(Short descriptive text snippets)

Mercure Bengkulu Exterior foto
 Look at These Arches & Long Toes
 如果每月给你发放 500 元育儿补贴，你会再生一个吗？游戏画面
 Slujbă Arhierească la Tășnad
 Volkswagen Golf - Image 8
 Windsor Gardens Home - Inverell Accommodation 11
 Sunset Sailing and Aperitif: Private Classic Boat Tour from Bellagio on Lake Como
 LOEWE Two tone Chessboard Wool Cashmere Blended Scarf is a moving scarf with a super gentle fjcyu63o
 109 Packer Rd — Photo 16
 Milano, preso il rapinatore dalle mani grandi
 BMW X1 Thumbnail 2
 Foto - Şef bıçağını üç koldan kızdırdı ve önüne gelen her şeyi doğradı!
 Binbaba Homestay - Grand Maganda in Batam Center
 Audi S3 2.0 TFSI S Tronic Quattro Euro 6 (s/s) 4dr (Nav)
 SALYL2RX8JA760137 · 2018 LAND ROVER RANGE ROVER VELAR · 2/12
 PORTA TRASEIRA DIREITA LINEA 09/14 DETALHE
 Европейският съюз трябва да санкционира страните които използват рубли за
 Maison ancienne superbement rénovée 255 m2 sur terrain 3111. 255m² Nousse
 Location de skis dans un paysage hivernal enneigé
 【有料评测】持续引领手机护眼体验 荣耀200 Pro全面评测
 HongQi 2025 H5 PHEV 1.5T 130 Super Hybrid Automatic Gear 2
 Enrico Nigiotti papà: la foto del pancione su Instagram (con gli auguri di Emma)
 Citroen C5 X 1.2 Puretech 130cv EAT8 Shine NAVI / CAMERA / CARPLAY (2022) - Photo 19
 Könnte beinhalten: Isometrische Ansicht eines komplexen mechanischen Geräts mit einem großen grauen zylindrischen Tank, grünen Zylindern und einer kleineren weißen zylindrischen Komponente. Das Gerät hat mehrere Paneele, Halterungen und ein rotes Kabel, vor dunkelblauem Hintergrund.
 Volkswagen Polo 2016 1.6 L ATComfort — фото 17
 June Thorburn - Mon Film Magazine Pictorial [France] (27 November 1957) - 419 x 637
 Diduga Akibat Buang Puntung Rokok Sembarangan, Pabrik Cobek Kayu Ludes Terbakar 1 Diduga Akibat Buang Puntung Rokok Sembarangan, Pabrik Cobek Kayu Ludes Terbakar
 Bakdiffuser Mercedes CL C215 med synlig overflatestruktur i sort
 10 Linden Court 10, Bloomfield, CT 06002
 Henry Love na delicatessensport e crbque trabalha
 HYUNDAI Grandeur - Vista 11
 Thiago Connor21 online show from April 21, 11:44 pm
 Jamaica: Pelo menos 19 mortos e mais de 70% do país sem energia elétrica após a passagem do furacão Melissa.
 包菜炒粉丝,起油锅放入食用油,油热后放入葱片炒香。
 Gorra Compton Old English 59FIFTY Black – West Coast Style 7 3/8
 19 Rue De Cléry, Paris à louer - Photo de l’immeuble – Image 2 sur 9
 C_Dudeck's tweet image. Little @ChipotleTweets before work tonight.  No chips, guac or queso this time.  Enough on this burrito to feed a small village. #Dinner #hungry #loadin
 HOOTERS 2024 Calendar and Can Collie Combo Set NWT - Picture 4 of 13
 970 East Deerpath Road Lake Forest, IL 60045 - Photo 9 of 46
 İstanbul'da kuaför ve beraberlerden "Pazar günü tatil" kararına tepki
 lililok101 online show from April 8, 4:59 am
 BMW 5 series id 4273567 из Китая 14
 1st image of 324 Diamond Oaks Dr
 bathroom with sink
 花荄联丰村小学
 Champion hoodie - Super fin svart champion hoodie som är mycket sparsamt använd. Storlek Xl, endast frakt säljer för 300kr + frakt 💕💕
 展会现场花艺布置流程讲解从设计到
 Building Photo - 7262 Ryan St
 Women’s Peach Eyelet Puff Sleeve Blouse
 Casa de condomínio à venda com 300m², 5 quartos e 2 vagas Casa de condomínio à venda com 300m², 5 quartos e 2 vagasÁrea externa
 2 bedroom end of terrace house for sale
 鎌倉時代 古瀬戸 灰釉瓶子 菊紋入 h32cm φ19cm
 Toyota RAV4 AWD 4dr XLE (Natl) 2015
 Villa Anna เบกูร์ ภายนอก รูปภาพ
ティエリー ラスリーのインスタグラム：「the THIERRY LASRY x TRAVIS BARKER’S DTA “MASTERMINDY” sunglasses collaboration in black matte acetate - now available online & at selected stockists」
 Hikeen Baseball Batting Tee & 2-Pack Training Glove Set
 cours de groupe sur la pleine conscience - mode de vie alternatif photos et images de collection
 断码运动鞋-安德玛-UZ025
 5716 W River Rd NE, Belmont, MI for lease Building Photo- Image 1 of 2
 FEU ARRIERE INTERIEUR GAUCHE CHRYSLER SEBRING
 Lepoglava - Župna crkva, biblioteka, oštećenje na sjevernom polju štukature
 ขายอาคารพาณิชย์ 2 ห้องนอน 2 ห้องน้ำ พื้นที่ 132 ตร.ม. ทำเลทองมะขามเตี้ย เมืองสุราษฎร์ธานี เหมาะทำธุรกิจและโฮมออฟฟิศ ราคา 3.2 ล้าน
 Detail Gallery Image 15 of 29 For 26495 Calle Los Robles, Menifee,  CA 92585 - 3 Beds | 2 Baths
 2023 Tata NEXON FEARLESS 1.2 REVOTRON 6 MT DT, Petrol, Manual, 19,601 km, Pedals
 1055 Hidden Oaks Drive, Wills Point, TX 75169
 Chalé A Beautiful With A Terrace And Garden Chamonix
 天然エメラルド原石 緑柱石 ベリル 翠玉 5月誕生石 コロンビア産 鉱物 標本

*What to work on*
Retype the records, line for line.

*Task result*
Mercure Bengkulu Exterior foto
 Look at These Arches & Long Toes
 如果每月给你发放 500 元育儿补贴，你会再生一个吗？游戏画面
 Slujbă Arhierească la Tășnad
 Volkswagen Golf - Image 8
 Windsor Gardens Home - Inverell Accommodation 11
 Sunset Sailing and Aperitif: Private Classic Boat Tour from Bellagio on Lake Como
 LOEWE Two tone Chessboard Wool Cashmere Blended Scarf is a moving scarf with a super gentle fjcyu63o
 109 Packer Rd — Photo 16
 Milano, preso il rapinatore dalle mani grandi
 BMW X1 Thumbnail 2
 Foto - Şef bıçağını üç koldan kızdırdı ve önüne gelen her şeyi doğradı!
 Binbaba Homestay - Grand Maganda in Batam Center
 Audi S3 2.0 TFSI S Tronic Quattro Euro 6 (s/s) 4dr (Nav)
 SALYL2RX8JA760137 · 2018 LAND ROVER RANGE ROVER VELAR · 2/12
 PORTA TRASEIRA DIREITA LINEA 09/14 DETALHE
 Европейският съюз трябва да санкционира страните които използват рубли за
 Maison ancienne superbement rénovée 255 m2 sur terrain 3111. 255m² Nousse
 Location de skis dans un paysage hivernal enneigé
 【有料评测】持续引领手机护眼体验 荣耀200 Pro全面评测
 HongQi 2025 H5 PHEV 1.5T 130 Super Hybrid Automatic Gear 2
 Enrico Nigiotti papà: la foto del pancione su Instagram (con gli auguri di Emma)
 Citroen C5 X 1.2 Puretech 130cv EAT8 Shine NAVI / CAMERA / CARPLAY (2022) - Photo 19
 Könnte beinhalten: Isometrische Ansicht eines komplexen mechanischen Geräts mit einem großen grauen zylindrischen Tank, grünen Zylindern und einer kleineren weißen zylindrischen Komponente. Das Gerät hat mehrere Paneele, Halterungen und ein rotes Kabel, vor dunkelblauem Hintergrund.
 Volkswagen Polo 2016 1.6 L ATComfort — фото 17
 June Thorburn - Mon Film Magazine Pictorial [France] (27 November 1957) - 419 x 637
 Diduga Akibat Buang Puntung Rokok Sembarangan, Pabrik Cobek Kayu Ludes Terbakar 1 Diduga Akibat Buang Puntung Rokok Sembarangan, Pabrik Cobek Kayu Ludes Terbakar
 Bakdiffuser Mercedes CL C215 med synlig overflatestruktur i sort
 10 Linden Court 10, Bloomfield, CT 06002
 Henry Love na delicatessensport e crbque trabalha
 HYUNDAI Grandeur - Vista 11
 Thiago Connor21 online show from April 21, 11:44 pm
 Jamaica: Pelo menos 19 mortos e mais de 70% do país sem energia elétrica após a passagem do furacão Melissa.
 包菜炒粉丝,起油锅放入食用油,油热后放入葱片炒香。
 Gorra Compton Old English 59FIFTY Black – West Coast Style 7 3/8
 19 Rue De Cléry, Paris à louer - Photo de l’immeuble – Image 2 sur 9
 C_Dudeck's tweet image. Little @ChipotleTweets before work tonight.  No chips, guac or queso this time.  Enough on this burrito to feed a small village. #Dinner #hungry #loadin
 HOOTERS 2024 Calendar and Can Collie Combo Set NWT - Picture 4 of 13
 970 East Deerpath Road Lake Forest, IL 60045 - Photo 9 of 46
 İstanbul'da kuaför ve beraberlerden "Pazar günü tatil" kararına tepki
 lililok101 online show from April 8, 4:59 am
 BMW 5 series id 4273567 из Китая 14
 1st image of 324 Diamond Oaks Dr
 bathroom with sink
 花荄联丰村小学
 Champion hoodie - Super fin svart champion hoodie som är mycket sparsamt använd. Storlek Xl, endast frakt säljer för 300kr + frakt 💕💕
 展会现场花艺布置流程讲解从设计到
 Building Photo - 7262 Ryan St
 Women’s Peach Eyelet Puff Sleeve Blouse
 Casa de condomínio à venda com 300m², 5 quartos e 2 vagas Casa de condomínio à venda com 300m², 5 quartos e 2 vagasÁrea externa
 2 bedroom end of terrace house for sale
 鎌倉時代 古瀬戸 灰釉瓶子 菊紋入 h32cm φ19cm
 Toyota RAV4 AWD 4dr XLE (Natl) 2015
 Villa Anna เบกูร์ ภายนอก รูปภาพ
ティエリー ラスリーのインスタグラム：「the THIERRY LASRY x TRAVIS BARKER’S DTA “MASTERMINDY” sunglasses collaboration in black matte acetate - now available online & at selected stockists」
 Hikeen Baseball Batting Tee & 2-Pack Training Glove Set
 cours de groupe sur la pleine conscience - mode de vie alternatif photos et images de collection
 断码运动鞋-安德玛-UZ025
 5716 W River Rd NE, Belmont, MI for lease Building Photo- Image 1 of 2
 FEU ARRIERE INTERIEUR GAUCHE CHRYSLER SEBRING
 Lepoglava - Župna crkva, biblioteka, oštećenje na sjevernom polju štukature
 ขายอาคารพาณิชย์ 2 ห้องนอน 2 ห้องน้ำ พื้นที่ 132 ตร.ม. ทำเลทองมะขามเตี้ย เมืองสุราษฎร์ธานี เหมาะทำธุรกิจและโฮมออฟฟิศ ราคา 3.2 ล้าน
 Detail Gallery Image 15 of 29 For 26495 Calle Los Robles, Menifee,  CA 92585 - 3 Beds | 2 Baths
 2023 Tata NEXON FEARLESS 1.2 REVOTRON 6 MT DT, Petrol, Manual, 19,601 km, Pedals
 1055 Hidden Oaks Drive, Wills Point, TX 75169
 Chalé A Beautiful With A Terrace And Garden Chamonix
 天然エメラルド原石 緑柱石 ベリル 翠玉 5月誕生石 コロンビア産 鉱物 標本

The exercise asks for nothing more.